Odd NSData initWithContentsOfURL: issue

  • Hey all,

    I'm trying to grab XML files from various URLs and save the XML file to
    disk as a text file.  Here is the little snippet of code I'm using:

    NSURL *xmlURL = [[NSURL alloc] initWithString:feedURL];
    NSData *theXMLFile = [[NSData alloc] initWithContentsOfURL:xmlURL];
    [theXMLFile writeToFile:@"/tmp/blaa.xml" atomically:TRUE];

    Ok, so all it should do, given the URL as the NSString 'feedURL', is
    grab the data using that URL, then write it out to /tmp/blaa.xml.

    It works for most URLs I try.  But there are some that result in binary
    garbage data in the blaa.xml file!  I'm wondering if anyone has any
    clue where I can look to start figuring this out.

    For example, this XML file works fine:
      http://www.coverville.com/index.xml
    But this one doesn't:
      http://vinylpodcast.com/wp-rss2.php

    If I load 'em up in Firefox or Safari and view source, they both look
    like valid XML text files.  The first is saved as a valid XML text
    file.  The second is saved as binary junk.  The .php extension
    shouldn't matter, since that is a server-side scripting that just sends
    back a valid XML file.

    Any ideas at all???

    Thanks a lot in advance!
    -Mike

    --
    Sent from my .mac account
  • Yes, I know exactly what's going on. The server is returning it as a
    gzipped file. initWithContentsOfURL is obviously saying it can handle
    gzip, but it's not decompressing it for you. This is surprising -
    either it shouldn't say it can handle gzip, or it should decompress it
    for you.

    I suggest passing any data you get back through a gzip decompressor
    (you could use libz directly, or you could see if anybody's written a
    Cocoa wrapper). If it's not gzip data, libz returns it unmodified, and
    if it is, libz returns the correct data.

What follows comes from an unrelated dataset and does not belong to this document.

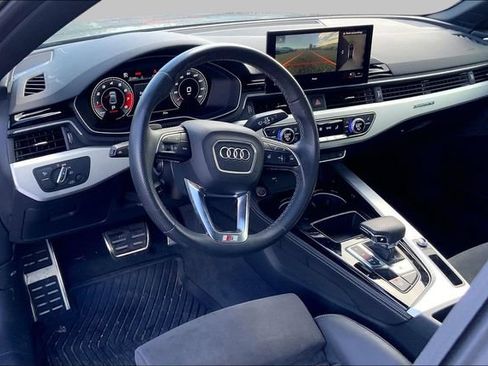 Used 2021 Audi S5 Premium Plus w/ Premium Plus AWD/4WD image 14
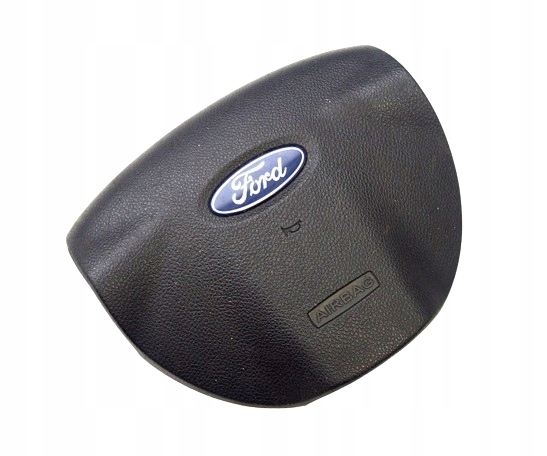 фото №3, Подушка подушка безпеки водія 3-спицевий ford focus mk2 fl lift 2007-2011r.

    On Mar 13, 2005, at 10:27 PM, Michael J. Sherman wrote:

    > I'm trying to grab XML files from various URLs and save the XML file
    > to disk as a text file.  Here is the little snippet of code I'm using:
    >
    > NSURL *xmlURL = [[NSURL alloc] initWithString:feedURL];
    > NSData *theXMLFile = [[NSData alloc] initWithContentsOfURL:xmlURL];
    > [theXMLFile writeToFile:@"/tmp/blaa.xml" atomically:TRUE];
    >
    > Ok, so all it should do, given the URL as the NSString 'feedURL', is
    > grab the data using that URL, then write it out to /tmp/blaa.xml.
    >
    > It works for most URLs I try.  But there are some that result in
    > binary garbage data in the blaa.xml file!  I'm wondering if anyone
    > has any clue where I can look to start figuring this out.
    >
    > For example, this XML file works fine:
    > http://www.coverville.com/index.xml
    > But this one doesn't:
    > http://vinylpodcast.com/wp-rss2.php
    >
    > If I load 'em up in Firefox or Safari and view source, they both look
    > like valid XML text files.  The first is saved as a valid XML text
    > file.  The second is saved as binary junk.  The .php extension
    > shouldn't matter, since that is a server-side scripting that just
    > sends back a valid XML file.
    >
    > Any ideas at all???

    --
    Kevin Ballard
    <kevin...>
    http://www.tildesoft.com
    http://kevin.sb.org
  • On 14 Mar 2005, at 3:27, Michael J. Sherman wrote:
    > I'm trying to grab XML files from various URLs and save the XML file
    > to disk as a text file.
    ...
    > NSData *theXMLFile = [[NSData alloc] initWithContentsOfURL:xmlURL];
    ...
    > It works for most URLs I try.  But there are some that result in
    > binary garbage data in the blaa.xml file!  I'm wondering if anyone has
    > any clue where I can look to start figuring this out.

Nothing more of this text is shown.